We can draw an analogy with how complicated expressions are defined in mathematics. Consider a quadratic equation written in the general form

\[ax^2 + bx + c = 0\]

where $a,b,c$ are real numbers and $a \neq 0$. The solution to the quadratic equation is the formula

\[x = \frac{ -b \pm \sqrt{b^2 - 4ac} }{ 2a }.\]

The expression $b^2 - 4ac$ is commonly known as the discriminant and denoted $\Delta$. The quadratic formula can therefore be written as

\[x = \frac{ -b \pm \sqrt{\Delta} }{ 2a }\]

where $\Delta = b^2 - 4ac$. The expression $\Delta = b^2 - 4ac$ is a setup or auxiliary expression to help us parse the quadratic formula. By the way, note the way we used the word “where” as a preliminary to the definition of the discriminant $\Delta$ and how the role of “where” corresponds to the Haskell keyword where.

Finally, let’s examine the program max.hs and the definition of the function maxInt. The function is defined in terms of a conditional expression, a branching of paths if you like. The final value of the function depends on the boolean value of the expression x > y. If the expression evaluates to True, the final value of the function is the expression in the then clause. If x > y happens to evaluate to False, the final value of the function is the expression in the else clause. Again, you might ask, “Why no explicit return statement?” Translate the definition of maxInt to a mathematical expression:

\[\text{max}(x,\, y) = \begin{cases} x,& \text{if } x > y,\\[8pt] y,& \text{otherwise}. \end{cases}\]

Haskell evaluates expressions. The output of a Haskell function is the final, evaluated value of the function.

Exercises

Exercise 1. In the section The string and I, we used the functions fst, snd, and splitAt. Determine the signature of each function.

Exercise 2. This exercise from the section I can’t decide requests a program to determine whether an integer (entered via the command line) is even or odd. Modify your program so that the code to determine whether an integer is even or odd is encapsulated within a function other than main.

Exercise 3. Modify the function maxInt in the program max.hs to output the minimum of two integers.

Exercise 4. Write a function that reverses the case of a string. If the string is capitalized, then uncapitalize the string.
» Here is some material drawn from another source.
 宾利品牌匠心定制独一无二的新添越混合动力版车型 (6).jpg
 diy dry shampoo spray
If the string is not capitalized, then capitalize the string.

Exercise 5. Write a function that, given a positive integer $n$, calculates the sum of all positive integers from 1 up to and including $n$.
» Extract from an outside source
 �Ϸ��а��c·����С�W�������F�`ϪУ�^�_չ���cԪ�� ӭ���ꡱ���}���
Exercise 6. A temperature value in Fahrenheit can be converted to Celsius via the formula

\[\text{Celsius} = \frac{ \text{Fahrenheit} - 32 }{ 1.8 }.\]

Write a function that converts a temperature value from Fahrenheit to Celsius. Write another function that converts a temperature value from Celsius to Fahrenheit.
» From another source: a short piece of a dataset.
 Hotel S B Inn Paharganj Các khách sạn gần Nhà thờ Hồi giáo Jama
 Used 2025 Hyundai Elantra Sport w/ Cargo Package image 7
Exercise 7. The quadratic equation is the expression

\[ax^2 + bx + c = 0\]

where $a,b,c$ are real numbers such that $a \neq 0$. Write a function that determines a value of $x$ satisfying the quadratic equation.

Exercise 8. You are given the radius of a circle. Write a separate function to calculate each of the following properties of a circle: diameter, circumference, area.

Exercise 9. Repeat the exercise on absolute value, but use a function (other than main) to encapsulate the code that calculates the absolute value of a number.

Exercise 10. Write a function that removes the middle character of a string. If the string has an even number of characters, there would be two middle characters; remove both middle characters. You might find the method length useful.